> **The input**:
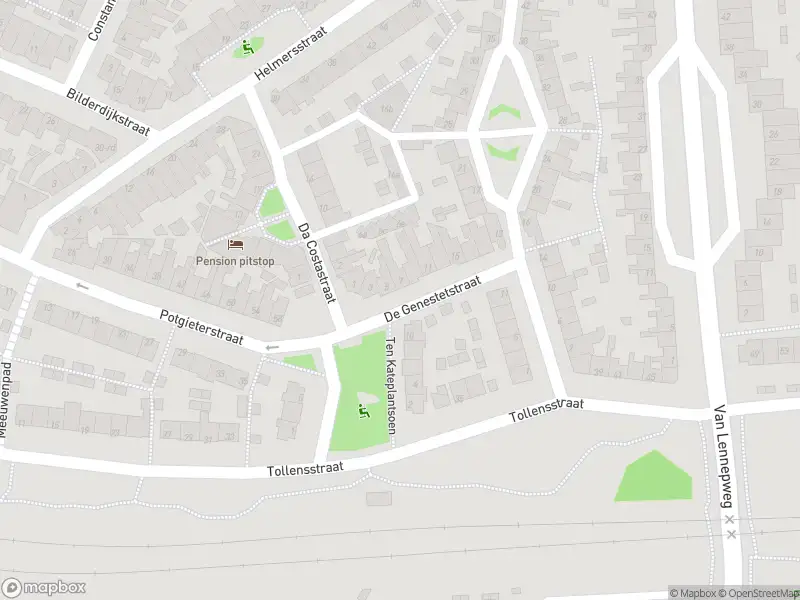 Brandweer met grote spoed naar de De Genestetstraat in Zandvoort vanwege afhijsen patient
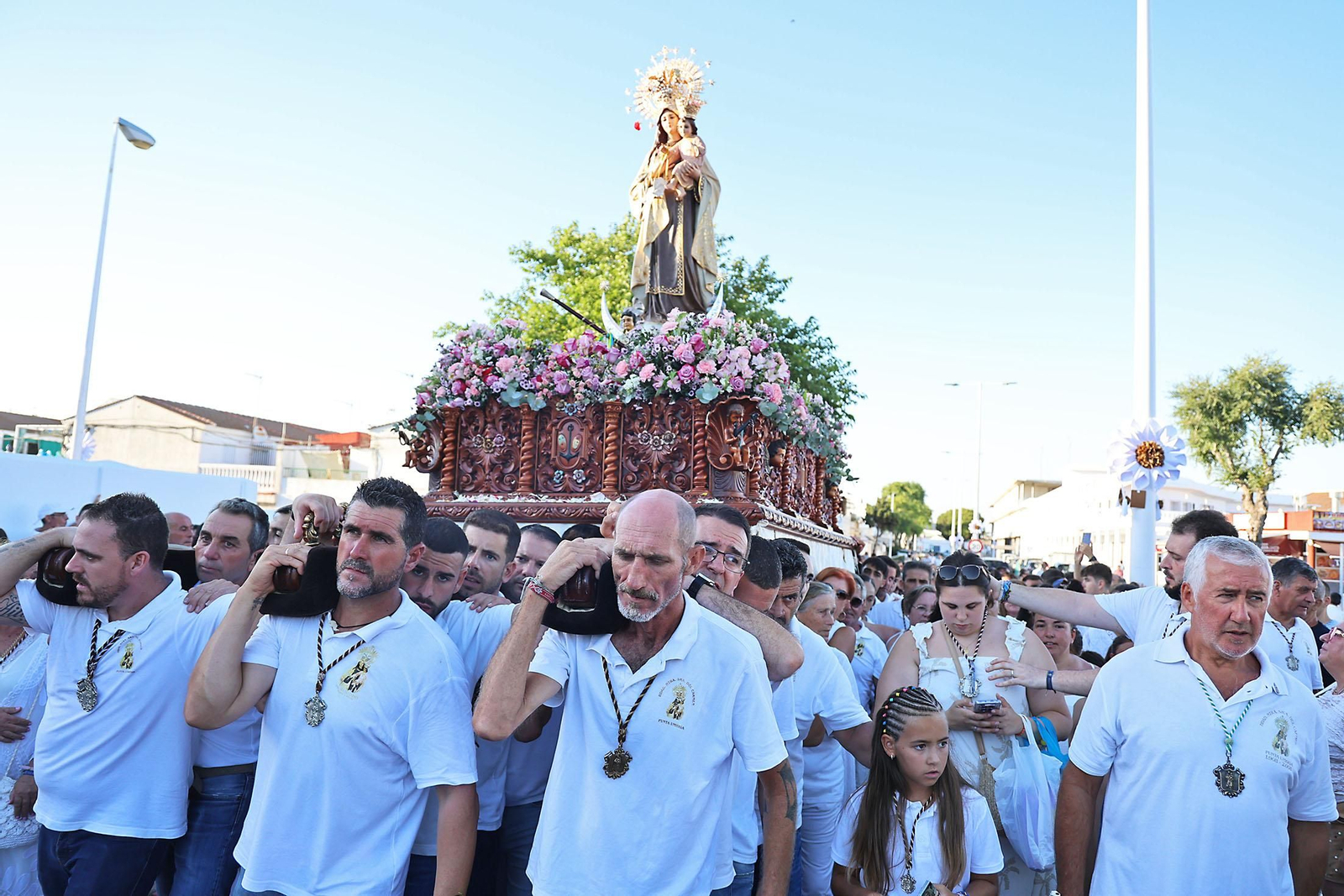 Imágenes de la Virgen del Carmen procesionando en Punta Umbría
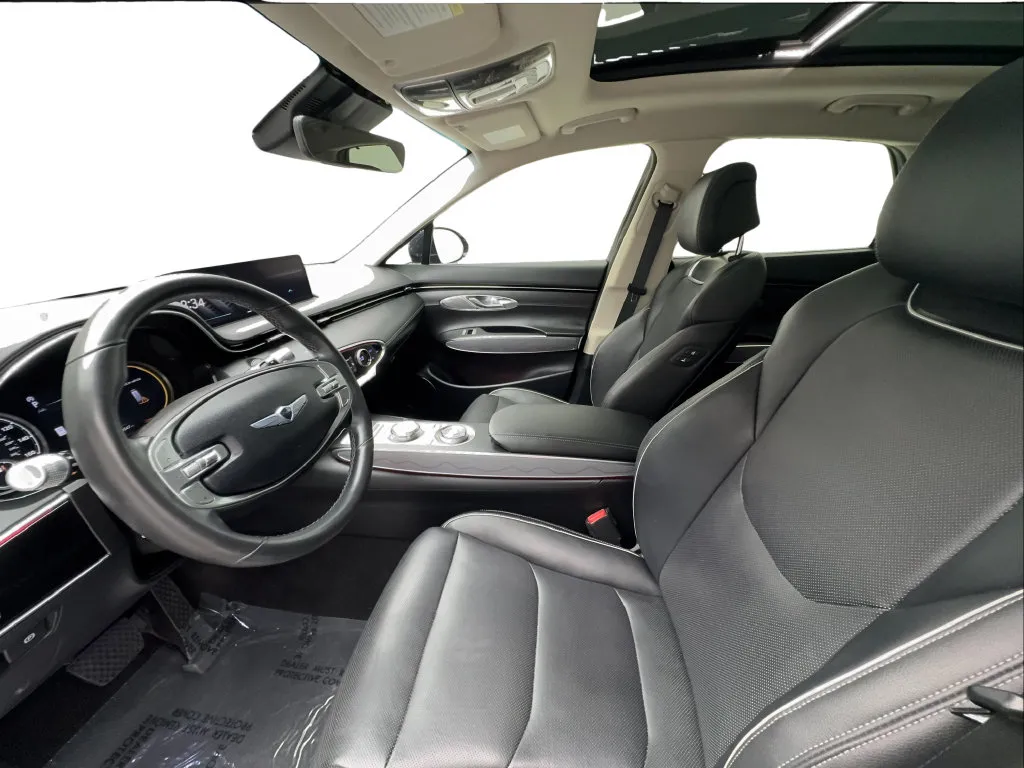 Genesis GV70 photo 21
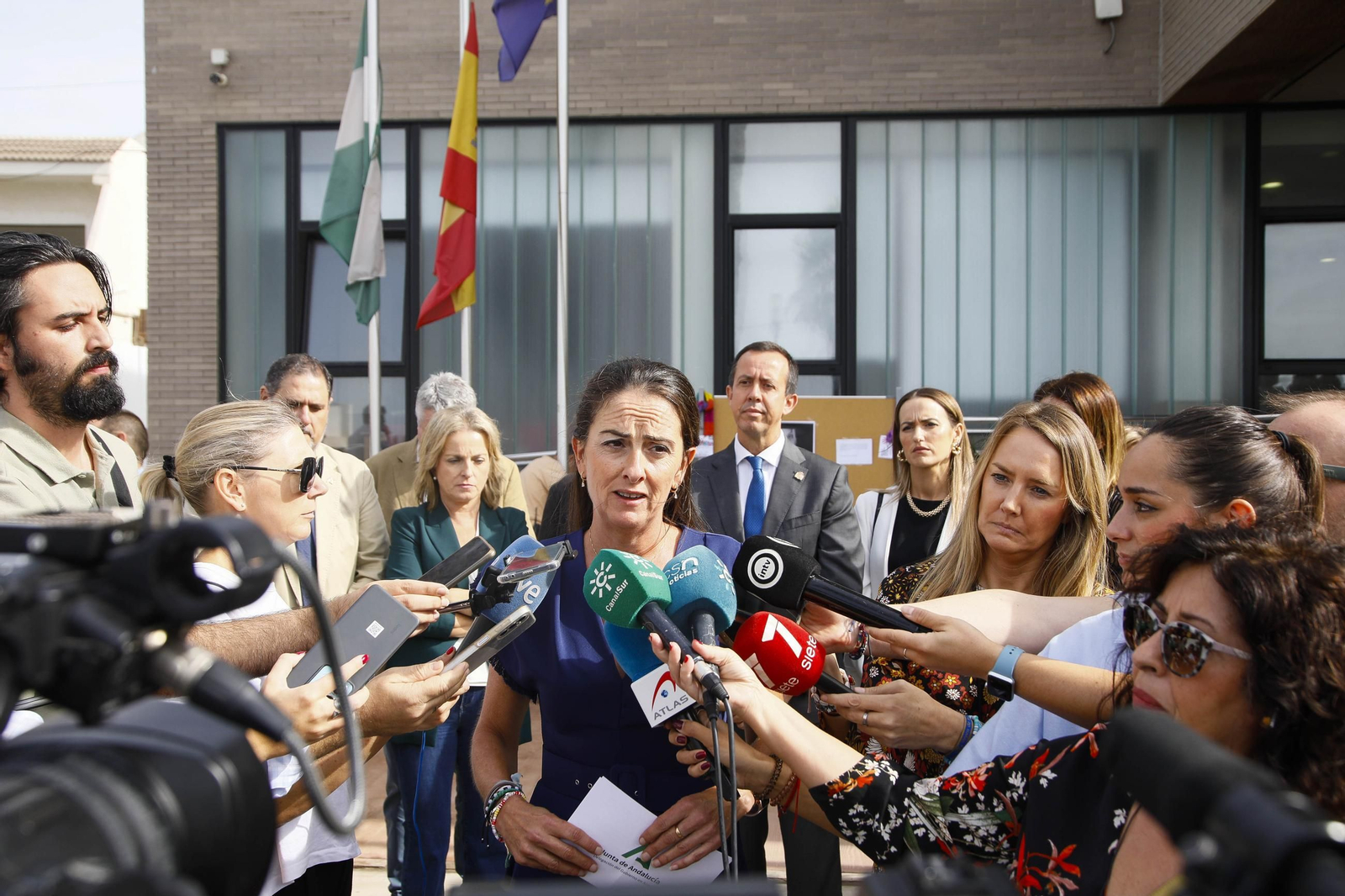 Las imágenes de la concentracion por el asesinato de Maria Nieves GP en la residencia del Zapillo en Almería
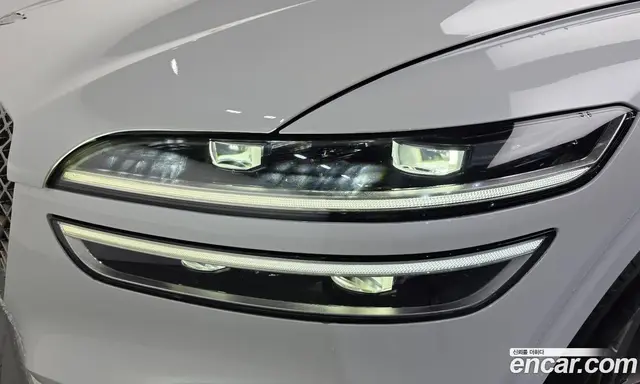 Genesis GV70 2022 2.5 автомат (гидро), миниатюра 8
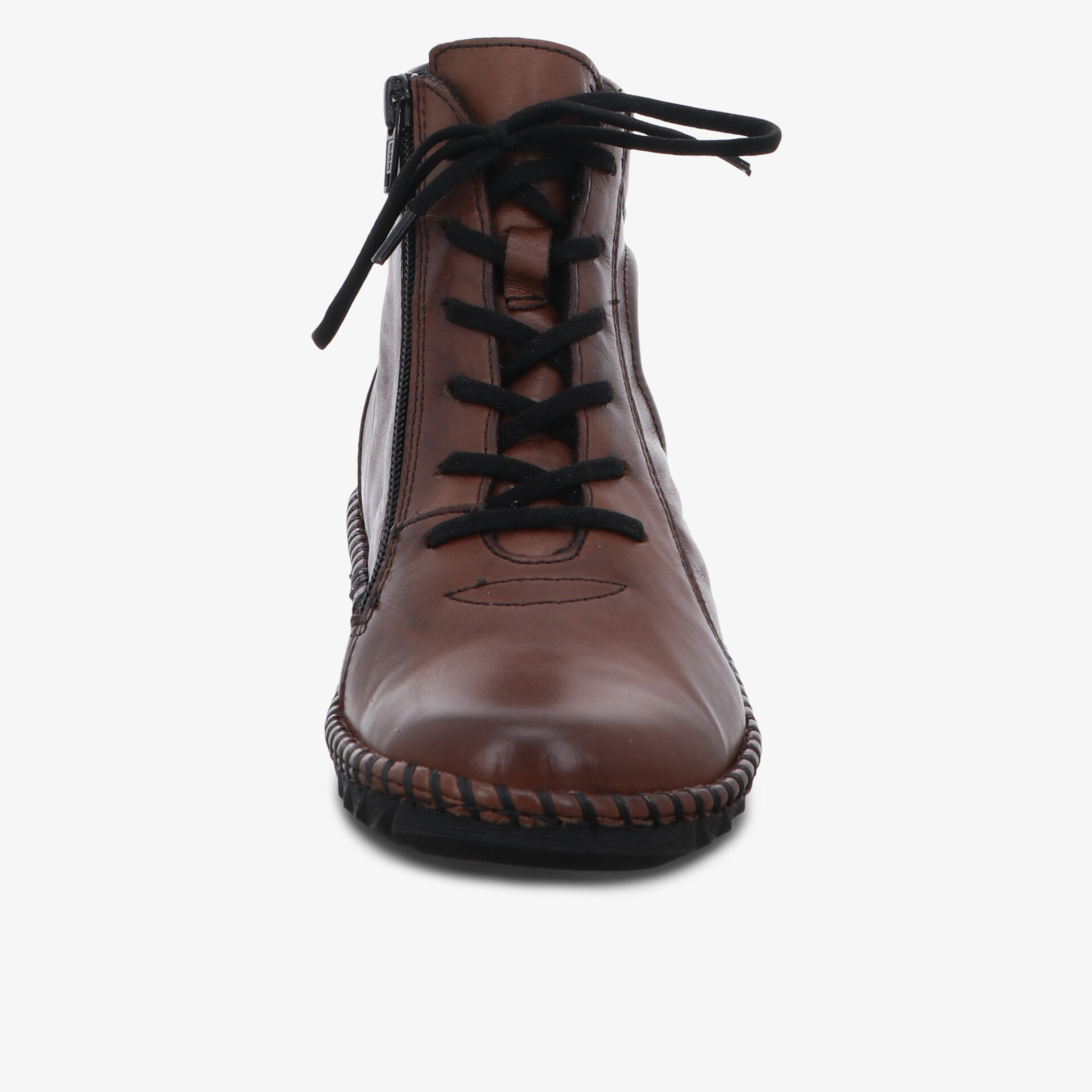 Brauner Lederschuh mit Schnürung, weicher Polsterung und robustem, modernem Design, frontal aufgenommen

> **What you need to do**:
For this copy, leave pictures out and reproduce the lines from the one bearing "Imágenes de la Virgen" through the final line of the listing above, both ends included.

> **Output of the exercise**:
 Imágenes de la Virgen del Carmen procesionando en Punta Umbría
 Genesis GV70 photo 21
 Las imágenes de la concentracion por el asesinato de Maria Nieves GP en la residencia del Zapillo en Almería
 Genesis GV70 2022 2.5 автомат (гидро), миниатюра 8
 Brauner Lederschuh mit Schnürung, weicher Polsterung und robustem, modernem Design, frontal aufgenommen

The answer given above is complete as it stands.